A team from UNIGE and ID Quantique has developed unique photon detectors with unprecedented performance, opening up new perspectives for quantum cryptography.

How to combat data theft, a real social issue? Quantum physics has the solution. His theories make it possible to encode information (a qubit) in particles of light (a photon) and to circulate them in an optical fiber in an ultra-secure manner. But the use of this large-scale telecommunications technology is hampered in particular by the performance of the single photon sensors used. A team from the University of Geneva (UNIGE), with the company ID Quantique, managed to multiply their speed by twenty. This innovation, to be discovered in the journal Nature Photonics , makes it possible to achieve performances never before obtained in the quantum distribution of keys.

Buying a train ticket, booking a taxi, having a meal delivered: so many transactions carried out daily via mobile applications. These are based on payment systems involving an exchange of secret information between the user and his/her bank. To do this, the bank generates a public key, which it sends to its client, and a private key, which it keeps secret. With the public key, the user can modify the information, make it unreadable and send it to the bank. Thanks to its private key, the bank can decrypt it.

This system is now threatened by the computing power of quantum computers. To remedy this, quantum cryptography – or “quantum key distribution” (QKD ) – is the best option. It allows two parties to produce shared secret keys and transmit them using photons, via optical fiber, in an ultra-secure way.
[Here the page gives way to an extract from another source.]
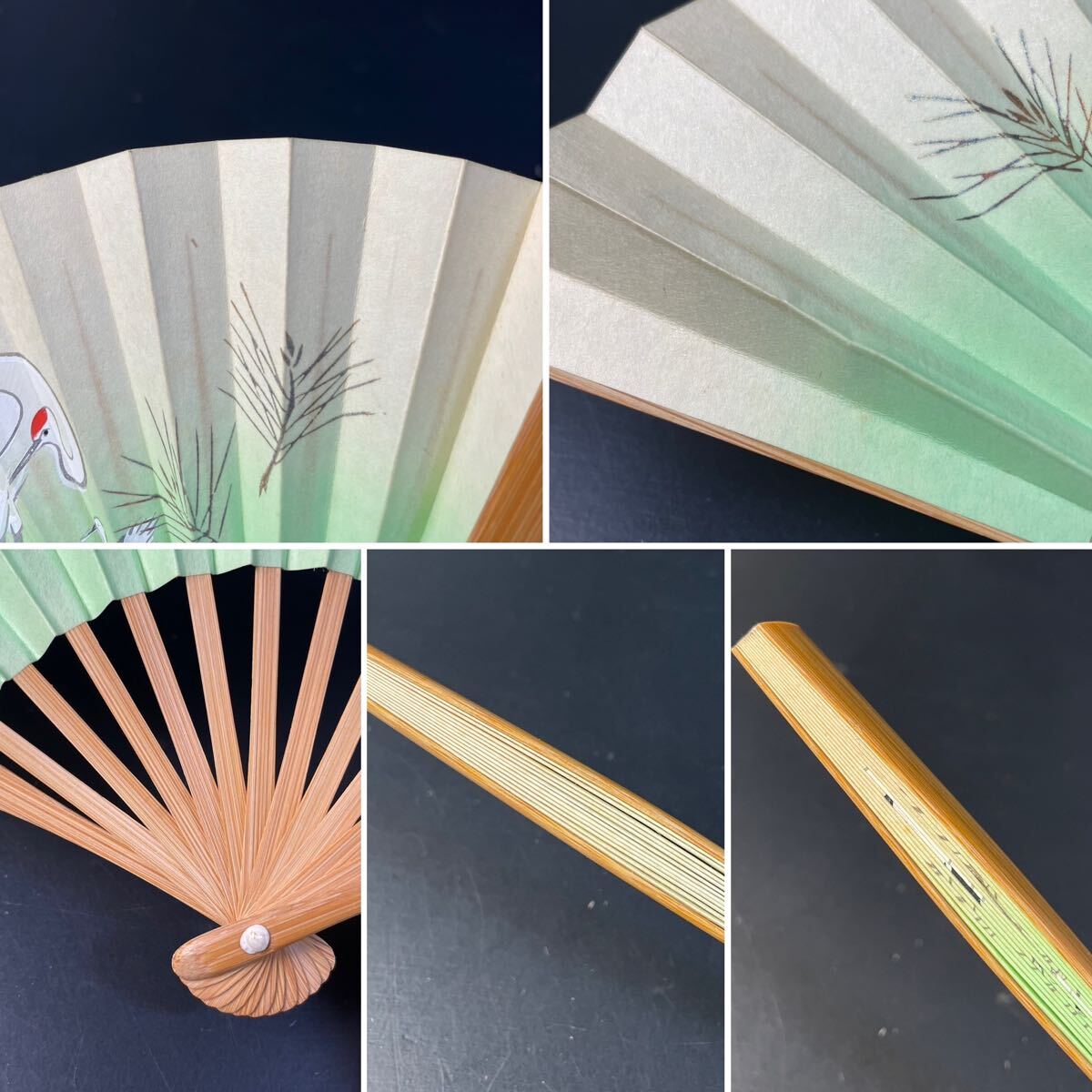 item_image_10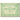 Geldschein, Österreich, Konigswiesen, 50 Heller, lapin, 1920, 1920-04-06, UNZ-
Indeed, the laws of quantum mechanics stipulate that a measurement affects the state of the measured system. Thus, if a spy tries to measure the photons to steal the key, the information will be instantly altered and the interception revealed.

Current limits
The application of this system is notably limited by the speed of the single photon detectors, used to receive the information. After each detection, they must in fact recover for around thirty nanoseconds, which limits the rate of secret keys to around 10 megabits per second. A UNIGE team led by Hugo Zbinden, associate professor in the Department of Applied Physics of the UNIGE Faculty of Science, has succeeded in pushing back this limit by developing a detector with better performance. This work was carried out in collaboration with the team of Félix Bussières from the company ID Quantique , a spin-off from the university.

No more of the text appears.